Normal undulating AC current fluctuates gradually, so the magnetic field does, too. The chopped-up current from a dimmer switch, on the other hand, jumps in voltage suddenly whenever the triac becomes conductive. This sudden shift in voltage changes the magnetic field abruptly, which can cause the filament to vibrate -- it's rapidly drawn to and repelled by the metal arms holding it in place. In addition to producing a soft buzzing sound, the abruptly shifting magnetic field will generate weak radio signals that can cause interference on nearby TVs or radios!
Better dimmer switches have extra components to squelch the buzzing effect. Typically, the dimmer circuit includes an inductor choke, a length of wire wrapped around an iron core, and an additional interference capacitor. Both devices can temporarily store electrical charge and release it later. This "extra current" works to smooth out the sharp voltage jumps caused by the triac-switching to reduce buzzing and radio interference. (See How Inductors Work and How Capacitors Work for more information.)

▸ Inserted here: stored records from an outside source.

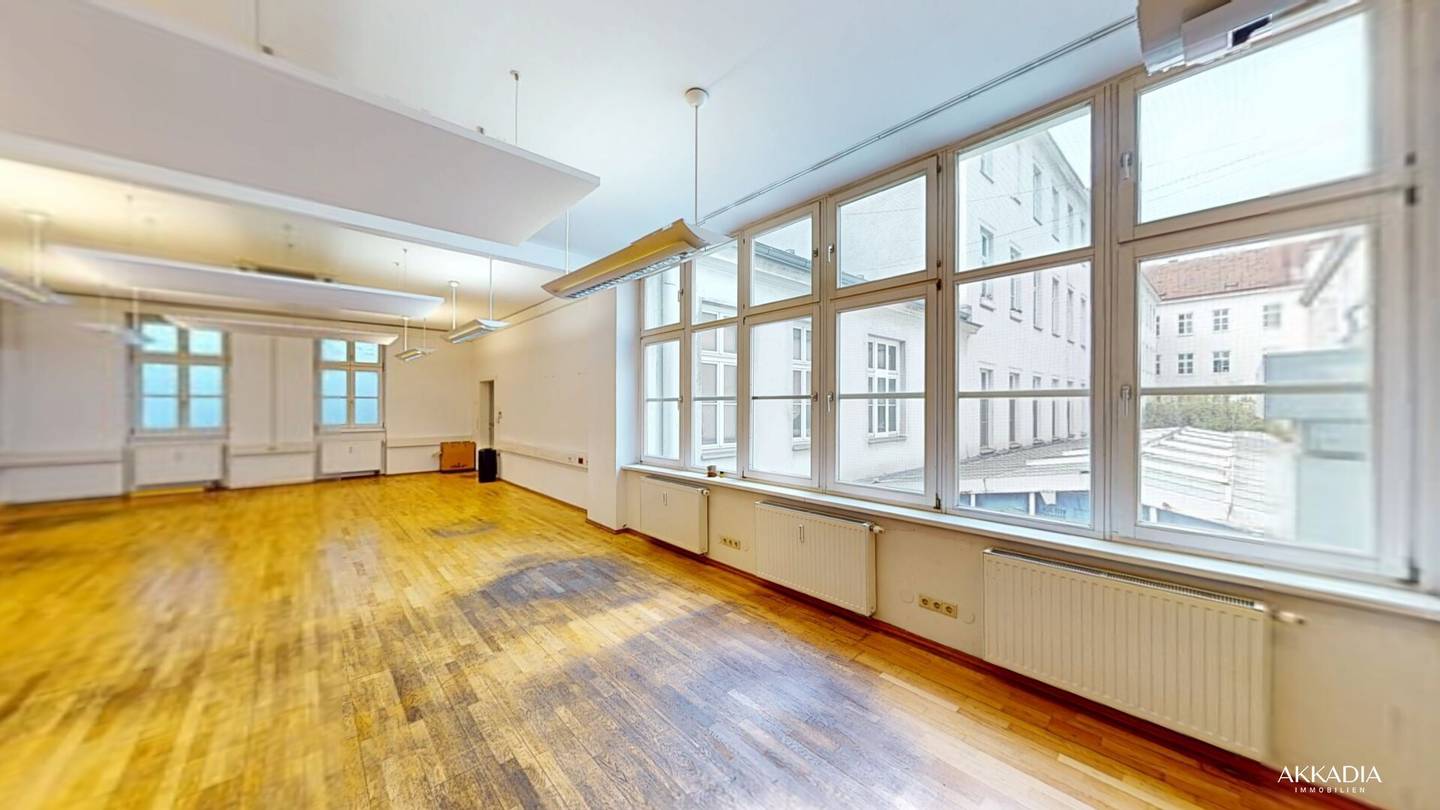 Bright office space on the 1st floor with air conditioning and quiet courtyard location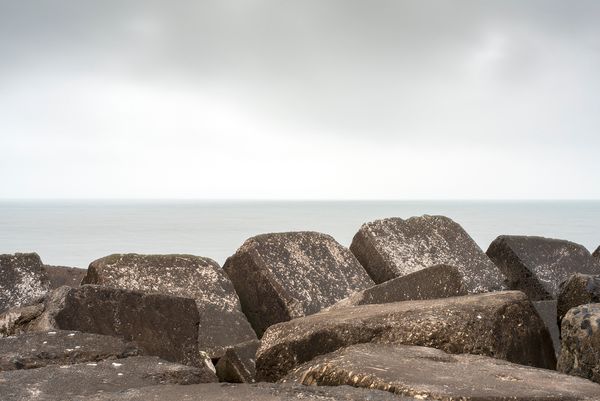 © Anne-Meike van Willegen - Coastline / Anne-Meike van Willegen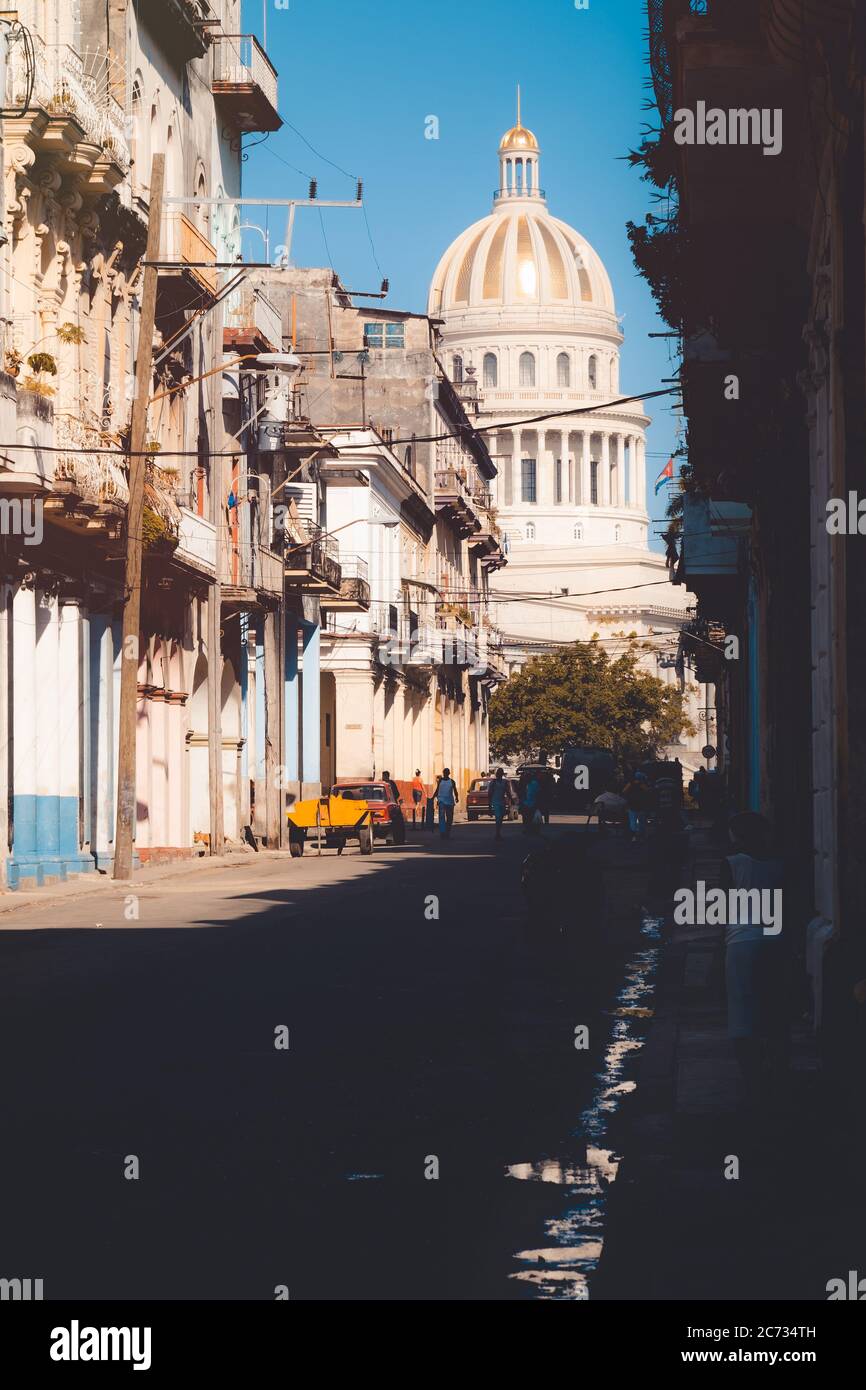 Alte bunte Gebäude in Havanna an einer Straße, die zum ikonischen Kapitol führt, ein Symbol der Stadt Stockfoto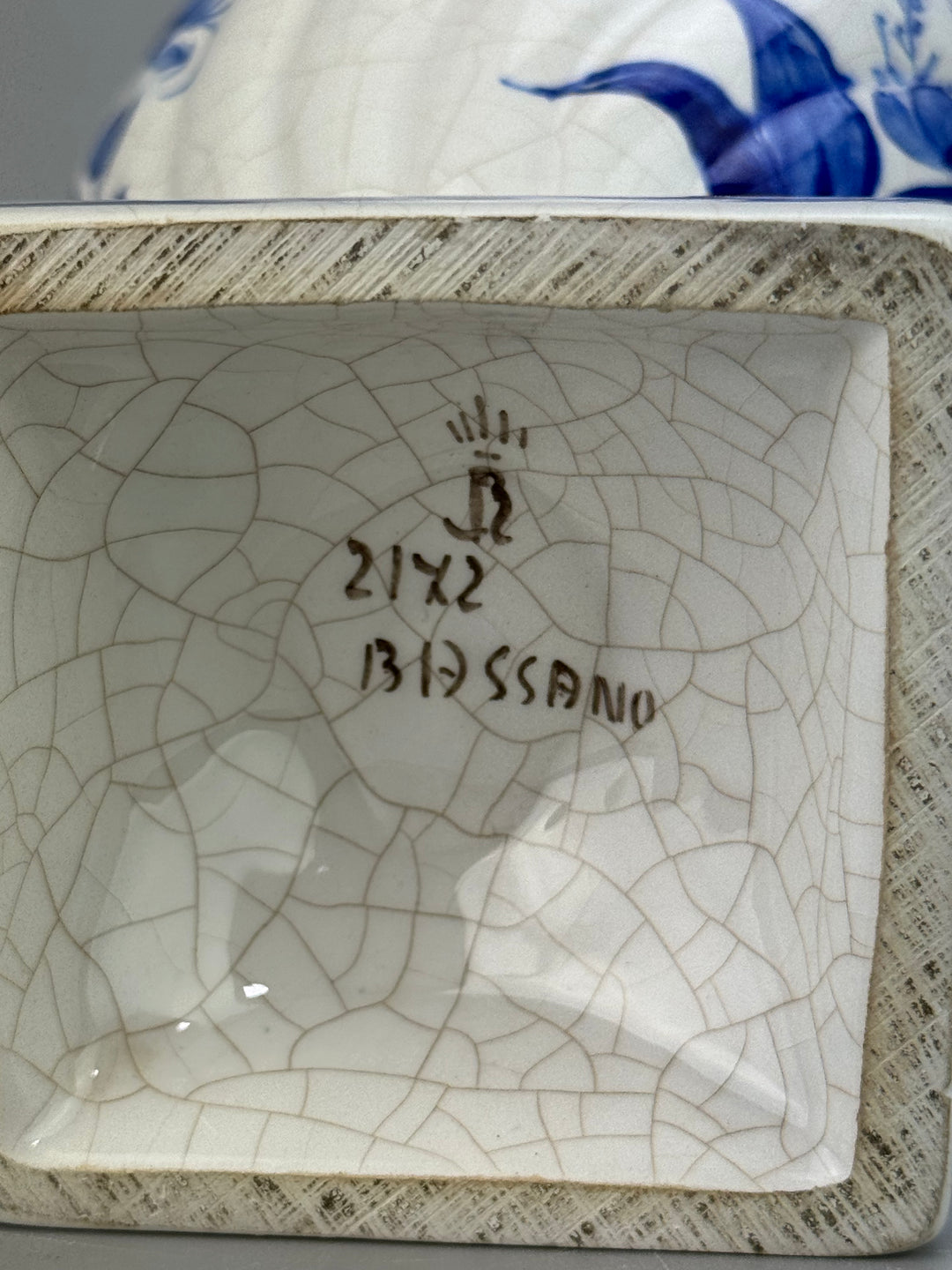 Potiche in ceramica di Bassano con decoro floreale blu vintage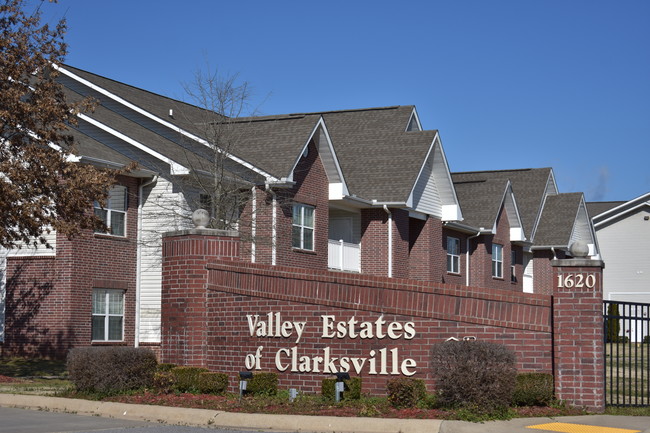 Signage - Valley Estates of Clarksville I & II Apartments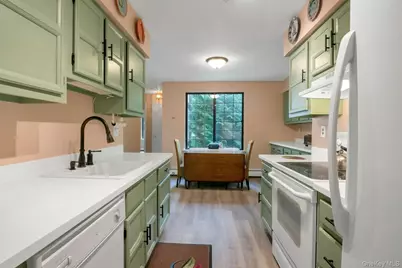 60 Foxwood Drive #2, Pleasantville, NY 10570 - Photo 6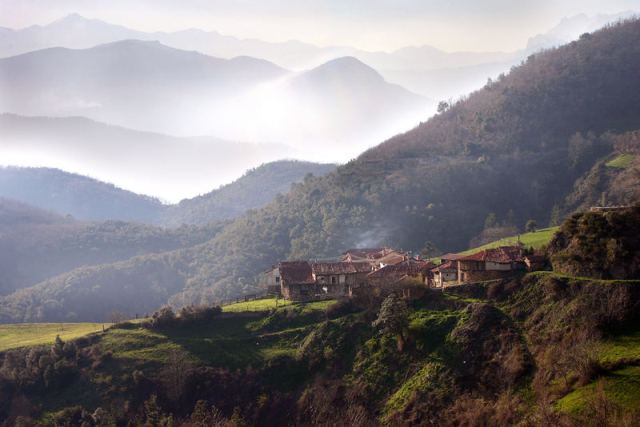 Fuente De Somave. Picos De Europa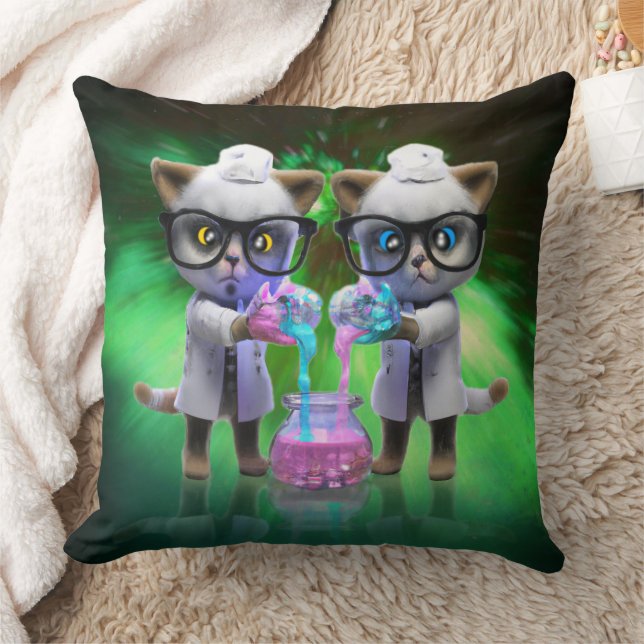 Funny Mad Cat Scientists planen Weltherrschaft Kissen (Decke)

Some high-end dimmer switches, such as the ones commonly used in stage lighting, are built around an autotransformer instead of a triac. The autotransformer dims the lights by stepping down the voltage flowing to the light circuit. A movable tap on the autotransformer adjusts the step-down action to dim the lights to different levels. Since it doesn't chop up the AC current, this method doesn't cause the same buzzing as a triac switch.
There are a lot of other dimmer switch varieties out there, including touchpad dimmers and photoelectric dimmers, which monitor the total light level in a room and adjust the dimmer accordingly. Most of these are built around the same simple idea -- chopping up AC current to reduce the total energy powering a light bulb. At the most basic level, that's all there is to it.